FA catalyzes the reaction of FCHO with OH via the possible entrance channels with FA···OH+FCHO or FA···FCHO+OH acting as reactants. Because formic acid has two different oxygen atoms,we find four reaction channels RF,RFa,RFb,and RFc for the reaction of the hydrogen atom of FCHO abstracted by OH and the corresponding transition states TSF,TSFa,TSFb,and TSFc,leading to the formation of the products FCO+H2O+HCOOH as shown in Fig. 3 and Fig.S(a)-(c) (in supplementary materials). The pre-reactive complexes CRF,CRFa,CRFb,and CRFc are -10.17,-7.84,-7.14,and -5.06 kcal/mol in Table Ⅰ and Table S1 (in supplementary materials),respectively,which shows that the most stable one is the nine-membered-ring complex CRF. Therefore,we mainly discuss the reaction channel as presented in Fig. 3. The reaction starts with two channels FA···OH+FCHO or FA···FCHO+OH,which leads to the formation of pre-reactive complex CRF,proceeding to the transition state TSF before the formation of post-reactive complex CPF,and subsequently forming FCO+H2O+HCOOH. As shown in Table Ⅰ,the binding energy of the HCOOH···OH is -3.41 kcal/mol at the CCSD(T)/6-311++G(3df,3pd)//M06-2X/6-311++G(3df,3pd) level of theory with the BSSE correction and considering the 2P3/2 spin-orbit state of OH radical,which is in good agreement with the previous values -3.68 kcal/mol [73] and -2.77 kcal/mol [15]. In CRF,both the carbonyl and the hydroxyl groups in FA are involved in the ring configuration,where there are three hydrogen bondings.
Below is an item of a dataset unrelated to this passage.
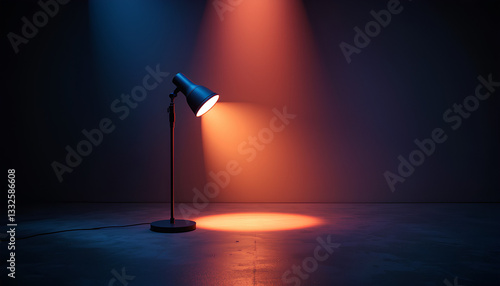 Dark room spotlight black table lamp dramatic lighting focused beam of warm orange light highlighting a specific area on a dark floor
In TSF,the bond lengths of C1···H1 and H1···O2 are 1.23 and 1.26 Å,respectively,which are similar to those of the TSW. It is noted that the geometrical parameters of the two hydrogen bondings in TSF have little difference from those in CRF. The energy barrier is computed to be 3.92 kcal/mol with respect to CRF in Table Ⅰ,which is about 1 kcal/mol lower than that of OH+FCHO. Moreover,the barrier is lower about 0.5 kcal/mol than that of OH+FCHO reaction in the presence of water. Thus,the results reflect that FA exerts a strong catalytic role in lowering the barrier of OH+FCHO. Additionally,the barriers of TSFa,TSFb,and TSFc in Table S1 (in supplementary materials) are computed to be 4.41,5.27,and 4.25 kcal/mol relative to the respective pre-reactive complex,which is higher than that of TSF.

FIG. 3 Schematic potential energy surface for the hydrogen abstraction of FCHO with OH radical catalyzed by HCOOH at the CCSD(T)/6-311++G(3df, 3pd)//M06-2X/6-311++G(3df, 3pd) level. The bond lengths are in Å.

Regarding the reaction between FCHO and OH catalyzed by SA (Fig. 4),the possible entrance pathways OH···H2SO4 complex and FCHO···H2SO4 complex can be formed. This reaction pathway undergoes the pre-reactive complex CRS before the transition states TSS and the post-reactive complex CPS to form the corresponding products FCO+H2O+H2SO4. From Table Ⅰ,the binding energy of the CRS is -11.02 kcal/mol with BSSE correction relative to the reactants at the CCSD(T)/6-311++G(3df,3pd)//M06-2X/6-311++G(3df,3pd) level of theory,which is 5.03 kcal/mol higher than that of the reaction of HCHO and OH assisted SA at the CCSD(T)/6-311++G(3df,3pd)//MP2(full) levels of theory [15]. Likewise,TSS possesses twisted nine-membered-ring configuration with the activation energy -7.76 kcal/mol relative to the free reactants.

FIG. 4 Schematic potential energy surface for the hydrogen abstraction of FCHO with OH radical catalyzed by H2SO4 at the CCSD(T)/6-311++G(3df, 3pd)//M06-2X/6-311++G(3df, 3pd) level. The bond lengths are in Å.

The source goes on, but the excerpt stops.